Maybe at another pharmacy it's cheaper? Maybe I can talk to the doctor and see if she can get straight amoxicillin with out the clavulatne potassium? I had to try. I didn't see it as not taking care of my child, but finding alternative to make it more affordable. It just may be pushed back a day or so.
So I asked her to take it off and if I could have the script back. The pharmacist said sure.
Then a hand laid on my shoulder. I turned to the person beside me. It was a sweet woman, about my age, shorter, but I couldn't place her. My mind scrambled to think how does this woman know me? But I didn't know who this stranger was. I didn't even see her in line when I was waiting by the pharmacy.
She spoke, "God has put it on my heart to pay for your child's medicine."
I'm sure I turned red. Yes, it was too much, but I wasn't looking for someone to pay for it.
"No, no, no. That is so okay, thank you." I was grateful, but also so flustered.
She never stopped holding on to my shoulder. She kept it there like a tether. "Please, will you allow me to pay for your daughter's medicine."

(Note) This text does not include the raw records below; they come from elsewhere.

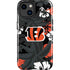 NFL Cincinnati Bengals Tropical Print iPhone 15 Impact Case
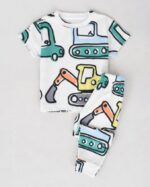 ست تیشرت و شلوار ماشین کد 116 - Image 2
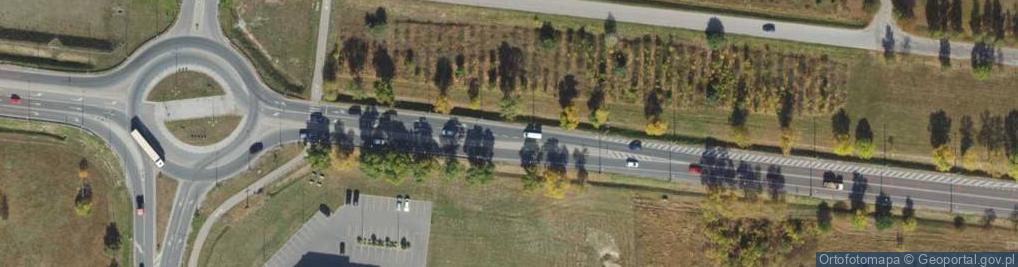 Zdjęcie satelitarne Przedsiębiorstwo Robót Budowlano Instalacyjnych Kranbud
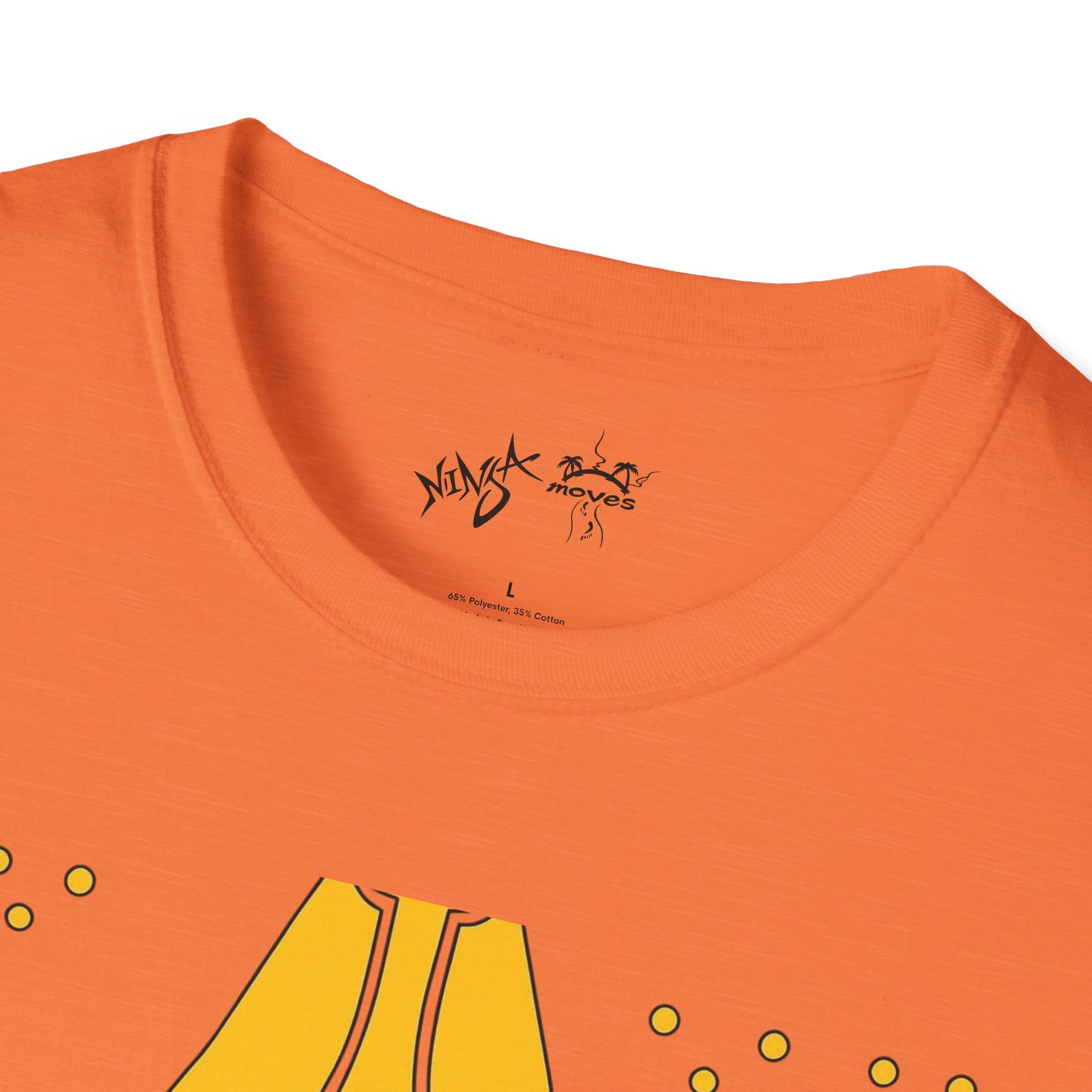 Unisex Softstyle T-Shirt - Hit in the Mouth Design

"Really. It's okay, I'm going to try and find it cheaper somewhere else." I really wanted to take care of my girl, do the responsible thing and do it on my own. How would it be if someone else paid for my daughter's medicine. I'm not that desolate.

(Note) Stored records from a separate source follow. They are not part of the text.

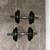 Dumbbell set and Pull up bar for doorway 2 thumbnail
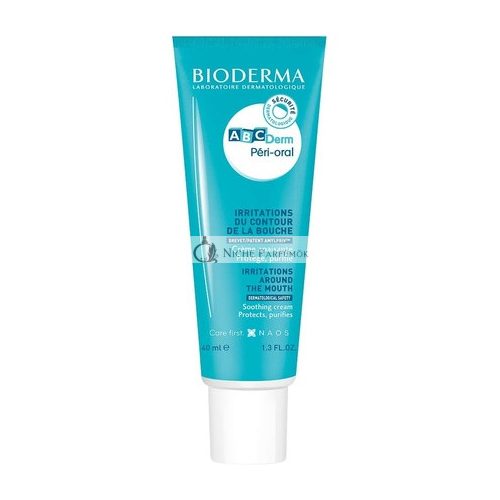 Bioderma ABCDerm Peri-Orális Javító Krém, 40ml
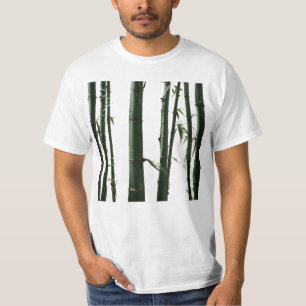 Exotic Bamboo Manar värdet-Shirt T Shirt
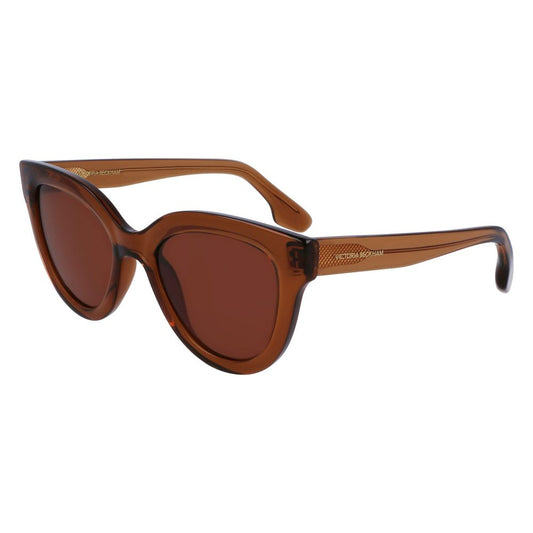 Victoria Beckham VB649S240 Brown Women's Sunglasses with Polarized Lens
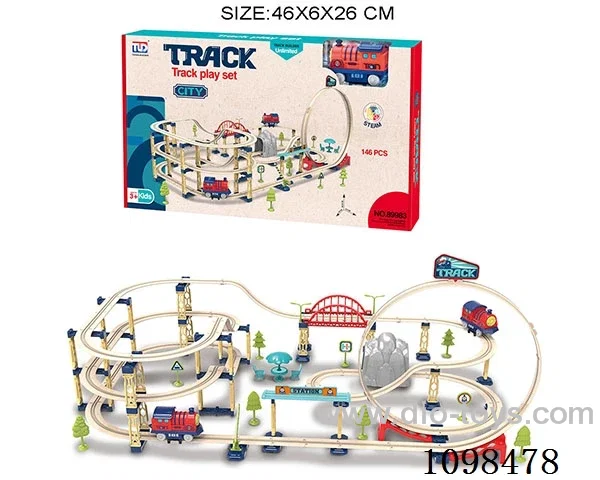B/O Rail train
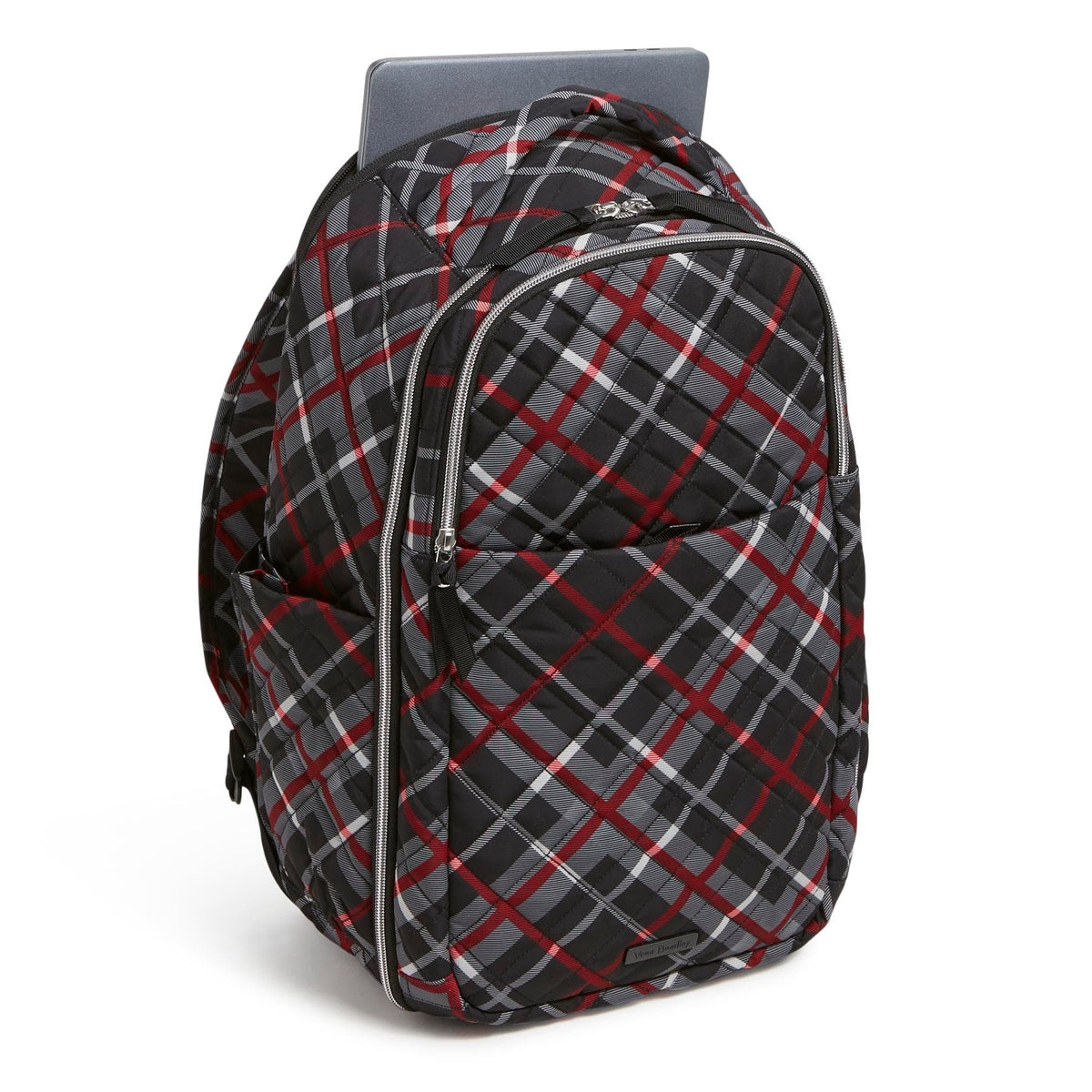 Travel Backpack - Paris Plaid
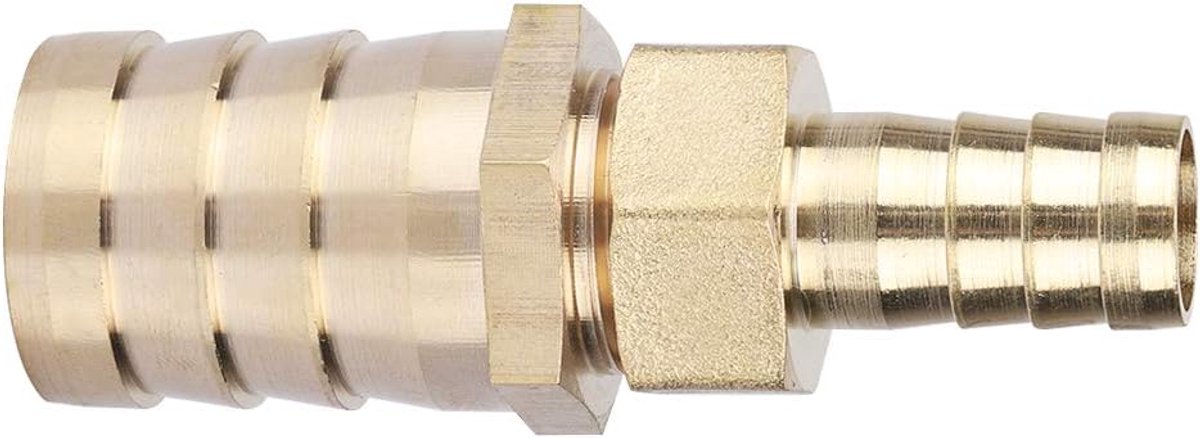 Reduceerbus Prikeldraad Adapter voor Slangetjes en Pijpen (14-25 mm) Binnendraad Verbinding Conector Professionele Pijpfitting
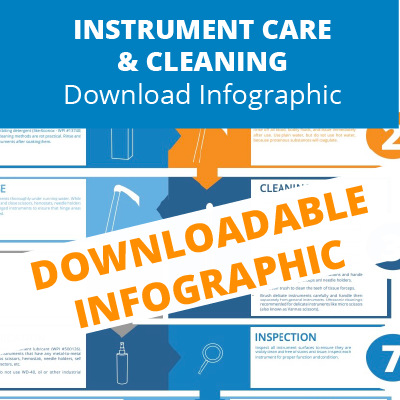 How to Care for Your Surgical Instruments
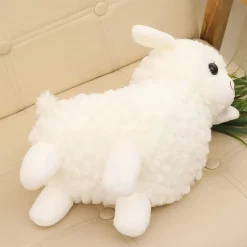 Clearance La compagnie de la peluche Peluche lama doux enfant câlin univers animal
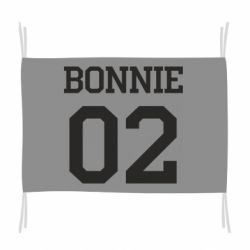Флаг Bonnie 02 - PrintSalon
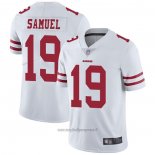 Maglia NFL Game San Francisco 49ers 19 Deebo Samuel Bianco2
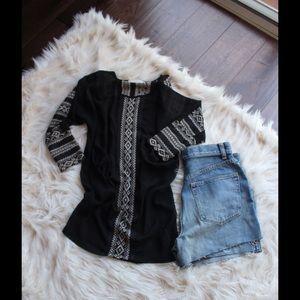 Staring at Stars blouse xs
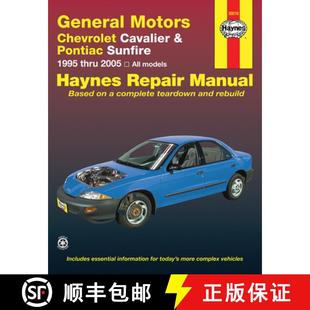 General 9781563928147 2005 Pontiac 4周达 Sunfire Chevrolet Motors Thru Cavalier 1995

She just repeated herself, "Please, will you allow me to pay for your daughter's medicine." And that's when I noticed and focused her simple gold cross necklace with what could have been a wedding ring on the chain with it.
That's when something clicked. It was no longer about someone else paying, it was God saying let me take care of you. I am here for you. Please, don't deny me.
And how could I? How could I deny God? We so much want to control our lives and be in charge and take care of ourselves. Could I step back and remember that it is God that leads my path, not me? That it is His will, not mine. I could tell no to this woman, but I could not tell no to God.
I nodded and said in a small voice, "Okay." I can't remember if I thanked her, but I did ask, "What is your name so that I can tell Ashton that you and God helped her today."
She said, "Michelle".
She swiped her card and then turned on her heal and walked away. She disappeared around an aisle. After I got my medicine, when I walked out of the store, she was no where in sight.
I don't know why God chose today to give me a powerful God moment. I love God moments, and this one was loud and clear! I know that I am blessed; and I know that He is looking out for my amazing daughter. I know that I will pay it forward one day. I don't know how or when, but I will. I am so grateful for Michelle today and for God to show me blatantly that he is watching over and caring for my daughter. I hope to be able to return the favor to someone else, when God has put it in my heart to do so.